• [Activity]
All lines in the records below from the line with "A loft en-suite" through the line with "4k video of" are to be given again exactly, both ends included; the pictures are to be left out.

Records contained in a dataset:
◇ ◇ ◇ ◇ ◇
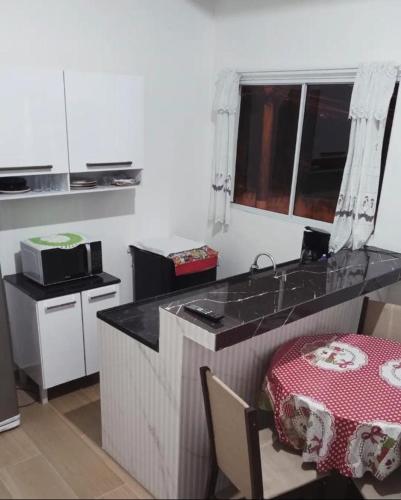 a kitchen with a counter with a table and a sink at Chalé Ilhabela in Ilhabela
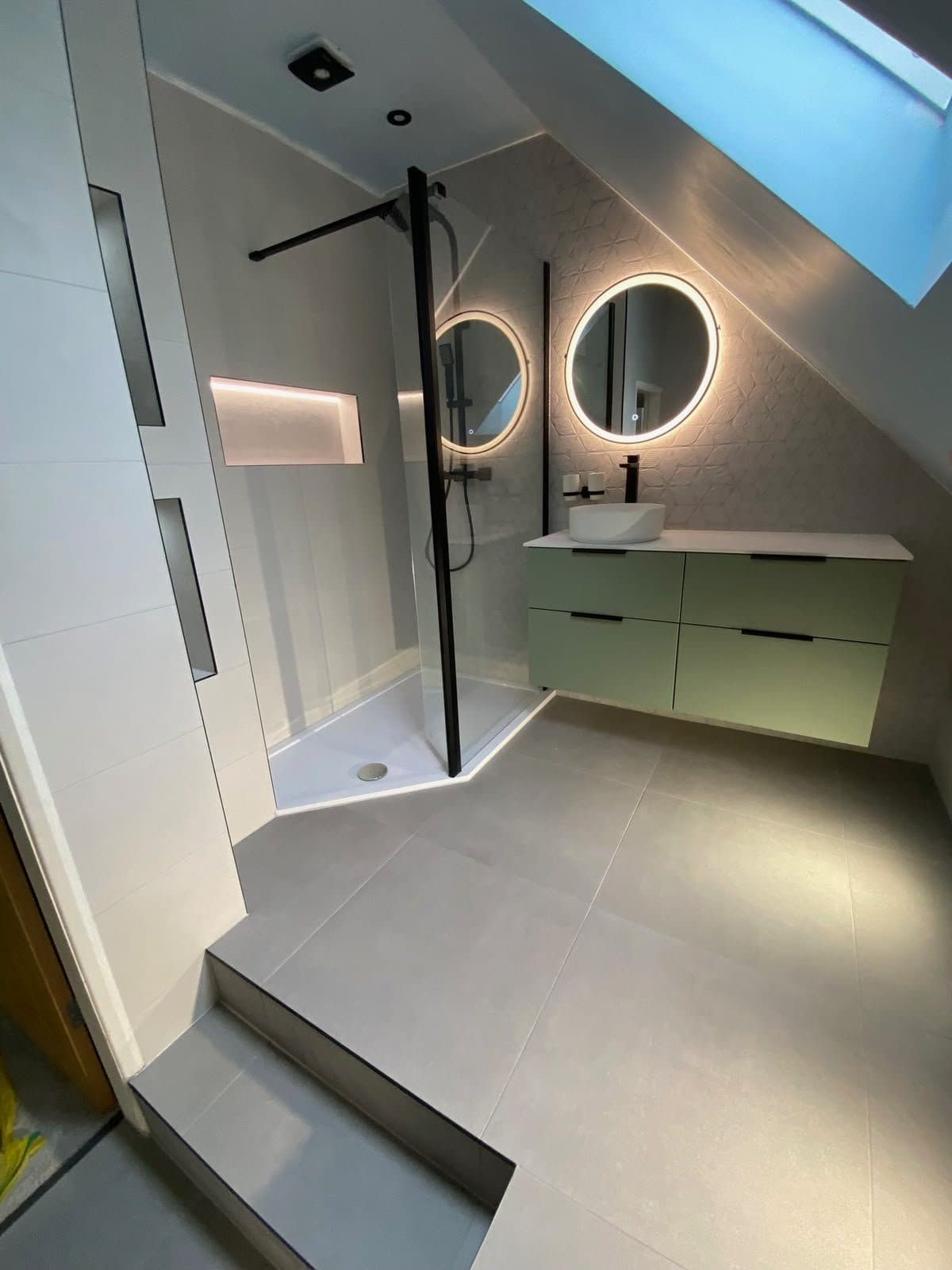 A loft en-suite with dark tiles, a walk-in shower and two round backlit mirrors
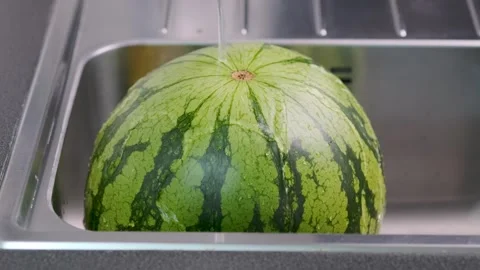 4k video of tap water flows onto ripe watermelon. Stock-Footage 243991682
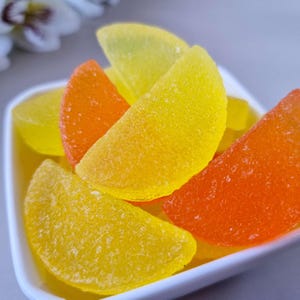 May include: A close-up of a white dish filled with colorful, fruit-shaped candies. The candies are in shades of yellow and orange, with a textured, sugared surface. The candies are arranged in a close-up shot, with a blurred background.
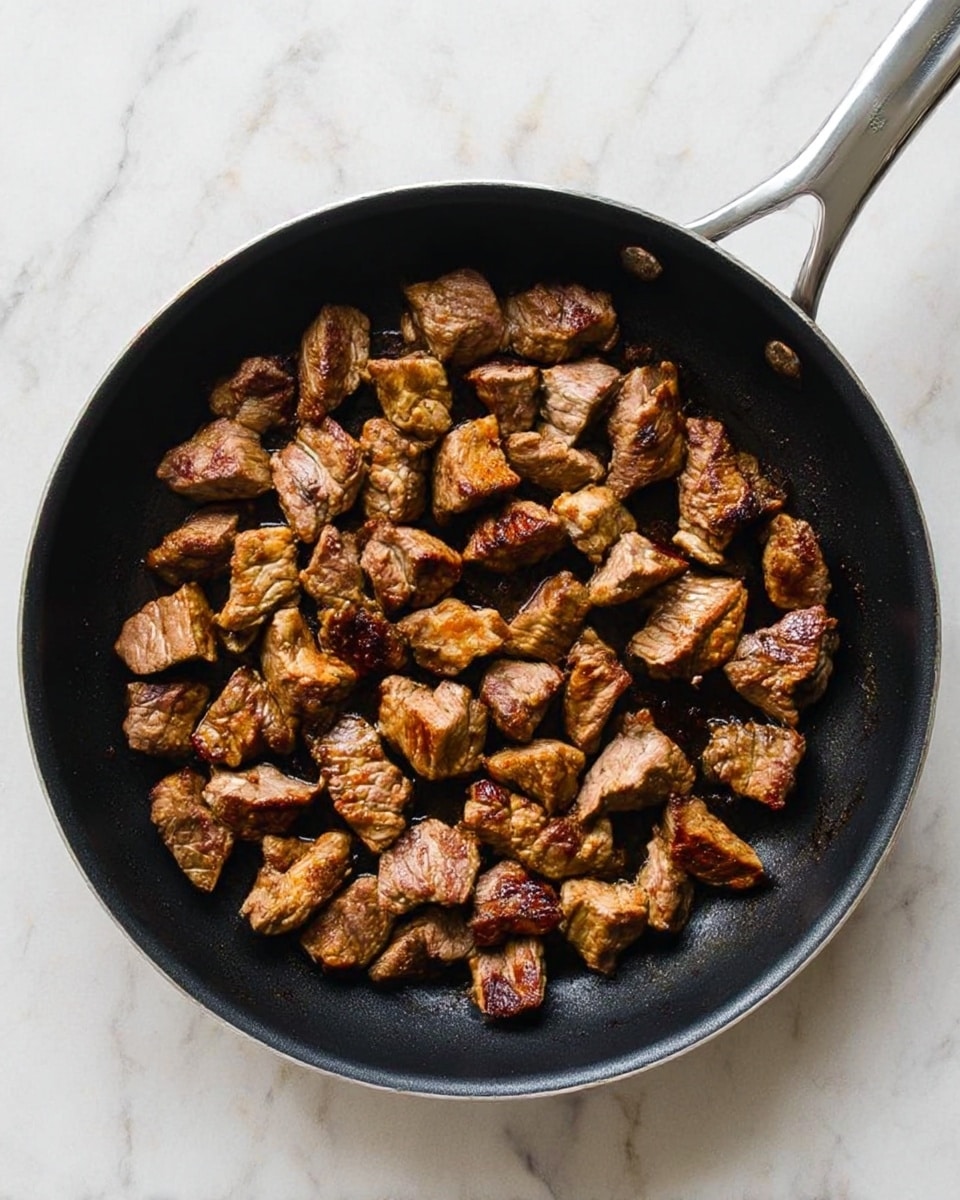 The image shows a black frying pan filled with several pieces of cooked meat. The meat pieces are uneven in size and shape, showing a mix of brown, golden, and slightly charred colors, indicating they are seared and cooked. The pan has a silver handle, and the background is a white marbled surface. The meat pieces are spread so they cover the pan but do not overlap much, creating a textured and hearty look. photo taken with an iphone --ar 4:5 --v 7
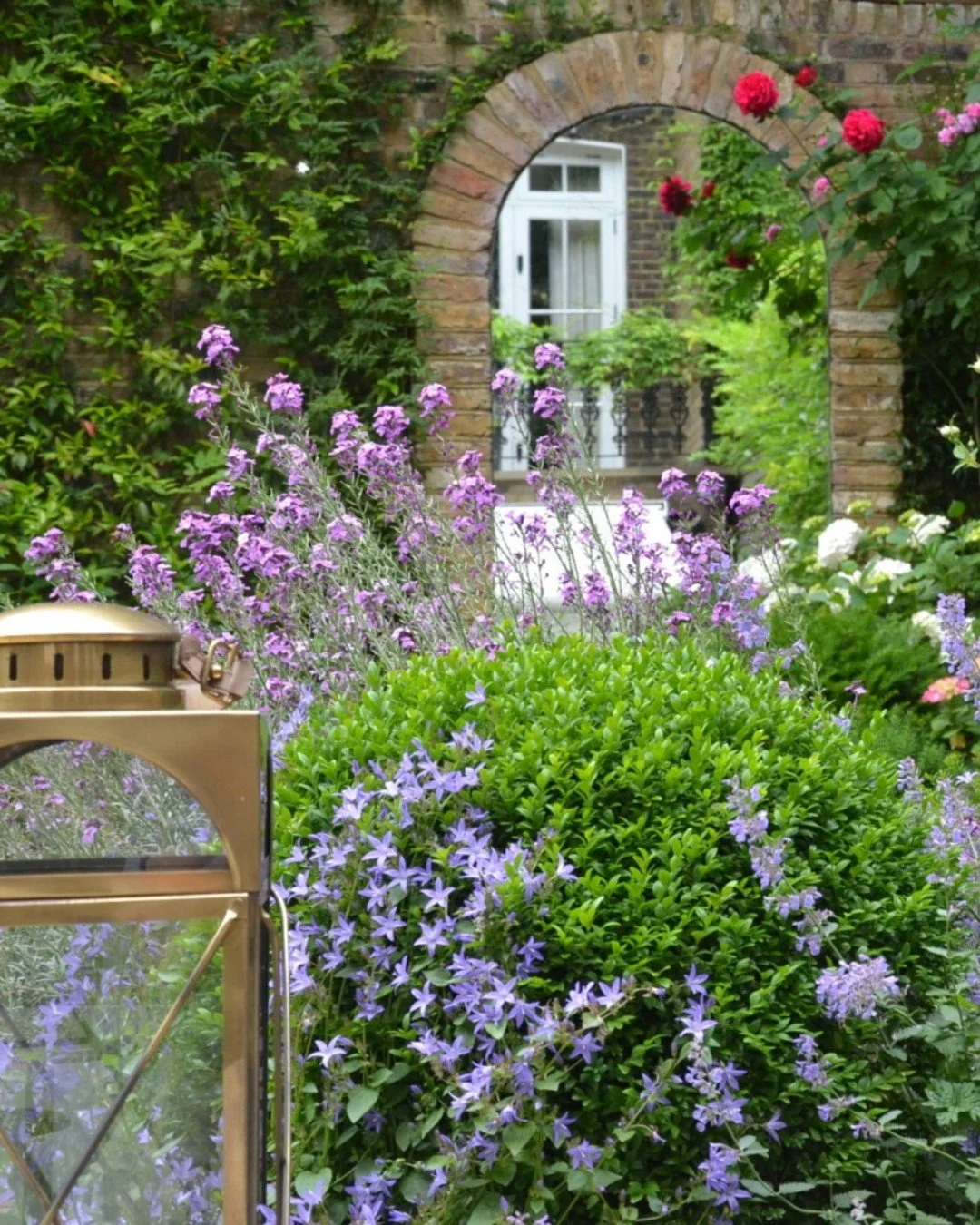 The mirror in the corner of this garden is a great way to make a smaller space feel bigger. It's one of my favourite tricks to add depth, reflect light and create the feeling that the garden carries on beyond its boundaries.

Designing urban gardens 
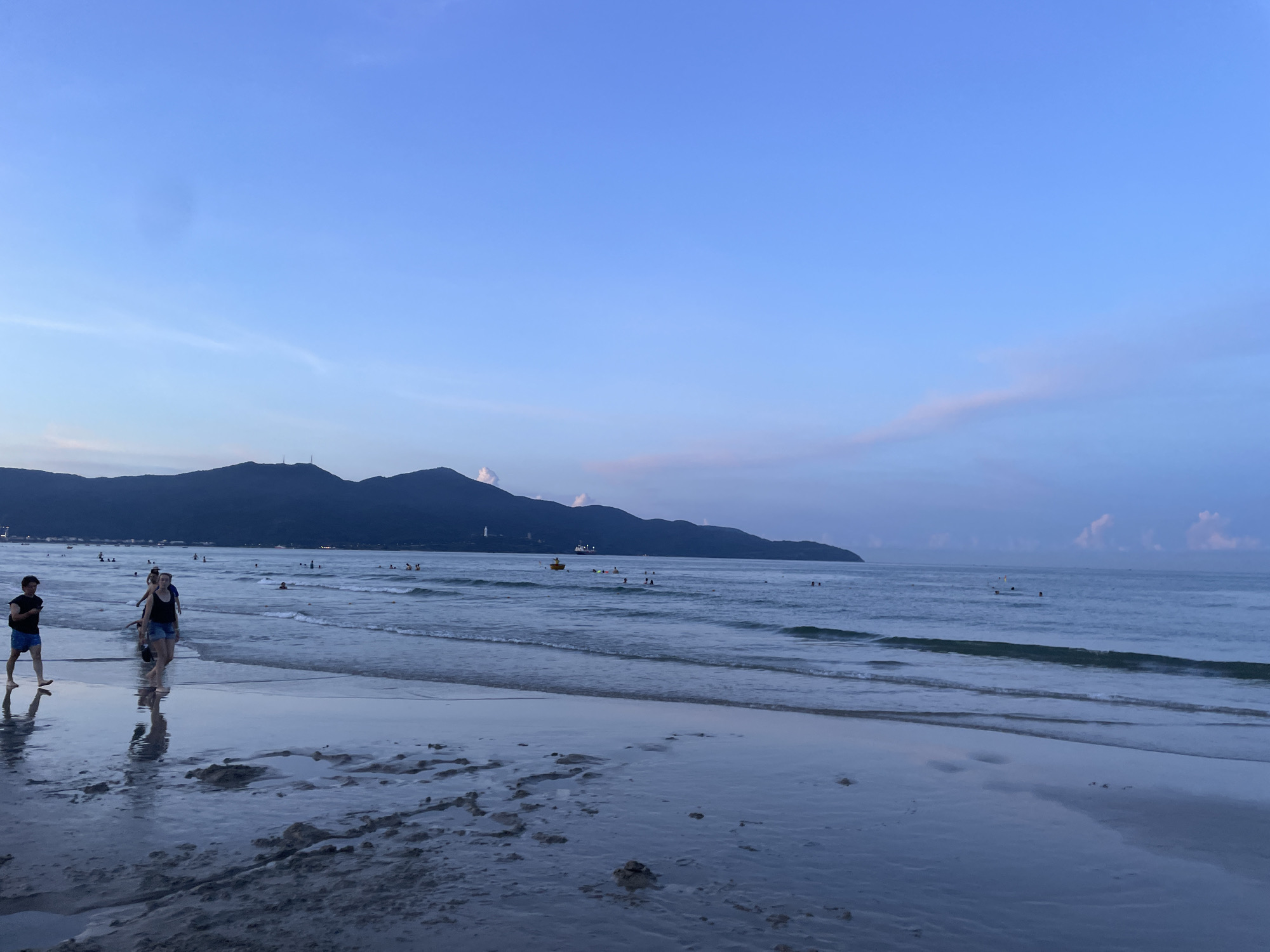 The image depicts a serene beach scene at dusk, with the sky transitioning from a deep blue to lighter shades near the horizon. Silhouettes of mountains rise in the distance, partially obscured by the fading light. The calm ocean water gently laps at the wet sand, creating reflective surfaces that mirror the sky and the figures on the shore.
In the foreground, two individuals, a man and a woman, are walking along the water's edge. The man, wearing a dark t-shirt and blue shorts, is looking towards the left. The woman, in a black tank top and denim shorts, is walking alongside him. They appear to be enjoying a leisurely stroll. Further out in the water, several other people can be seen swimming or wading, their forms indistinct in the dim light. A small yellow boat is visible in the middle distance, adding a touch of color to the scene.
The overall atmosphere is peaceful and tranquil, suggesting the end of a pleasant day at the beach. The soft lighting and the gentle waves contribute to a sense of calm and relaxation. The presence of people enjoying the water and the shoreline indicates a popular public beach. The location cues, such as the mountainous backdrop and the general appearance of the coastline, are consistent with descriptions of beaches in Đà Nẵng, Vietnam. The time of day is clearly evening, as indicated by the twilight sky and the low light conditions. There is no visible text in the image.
◇ ◇ ◇ ◇ ◇
• [Result]
 A loft en-suite with dark tiles, a walk-in shower and two round backlit mirrors
 4k video of tap water flows onto ripe watermelon. Stock-Footage 243991682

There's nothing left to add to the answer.